*TASK INSTRUCTIONS:* Would it be possible to output exactly, and only, the lines below from the one holding "出轨后如何挽回男朋友的信任? 出轨后如何挽回男朋友的信任?" to the last line, both included, with every picture left out?

*INPUT DATA:*
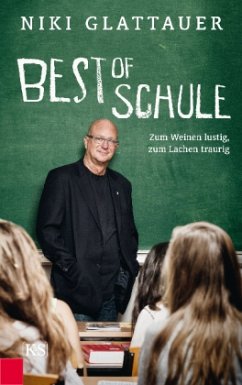 Best of Schule - Glattauer, Nikolaus (Niki)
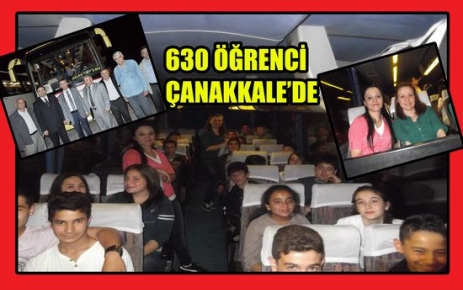 630 ÖĞRENCİ ÇANAKKALE'DE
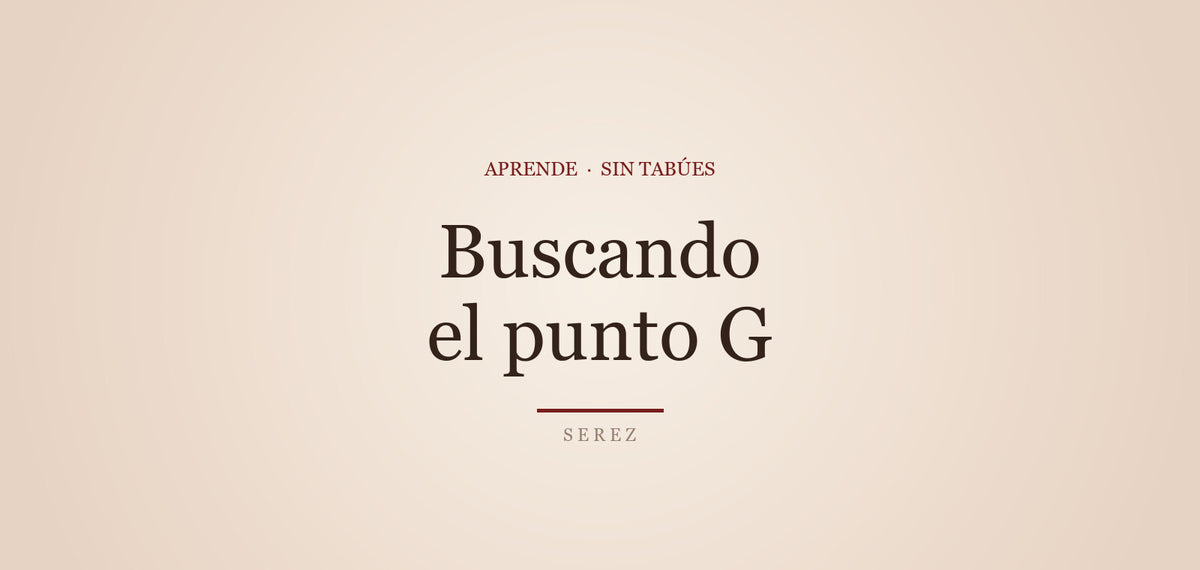 El punto G: cómo explorarlo sin frustrarte — SEREZ Aprende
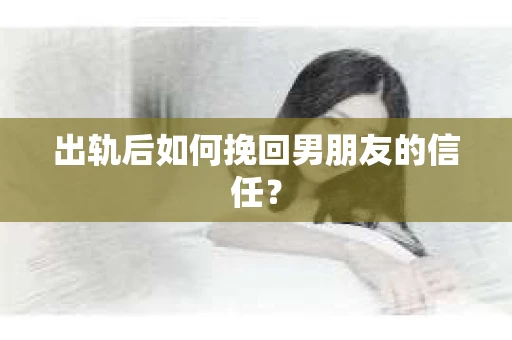 出轨后如何挽回男朋友的信任? 出轨后如何挽回男朋友的信任?
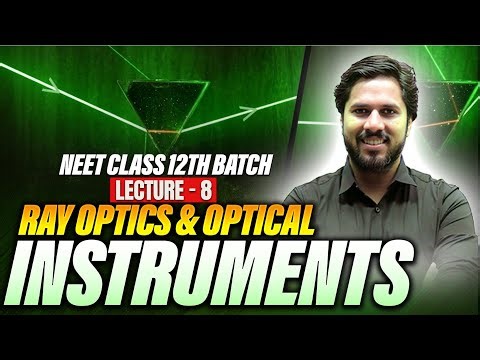 ✨ Ray Optics & Optical Instruments | Class 12 Physics | Lecture 8 | saurav Sir ✨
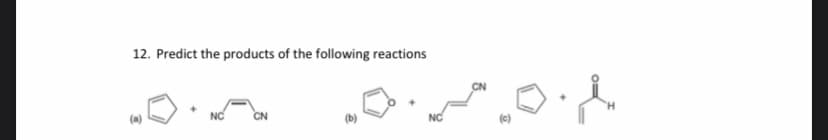 12. Predict the products of the following reactions
CN
NC
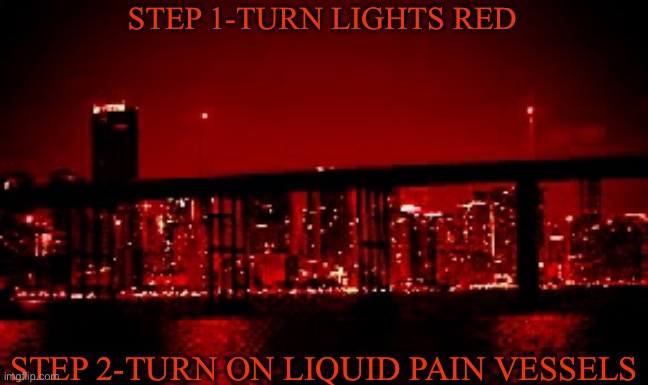 The red light district | STEP 1-TURN LIGHTS RED; STEP 2-TURN ON LIQUID PAIN VESSELS | image tagged in the red light district | made w/ Imgflip meme maker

*THE ANSWER:*
 出轨后如何挽回男朋友的信任? 出轨后如何挽回男朋友的信任?
 ✨ Ray Optics & Optical Instruments | Class 12 Physics | Lecture 8 | saurav Sir ✨
 12. Predict the products of the following reactions
CN
NC
 The red light district | STEP 1-TURN LIGHTS RED; STEP 2-TURN ON LIQUID PAIN VESSELS | image tagged in the red light district | made w/ Imgflip meme maker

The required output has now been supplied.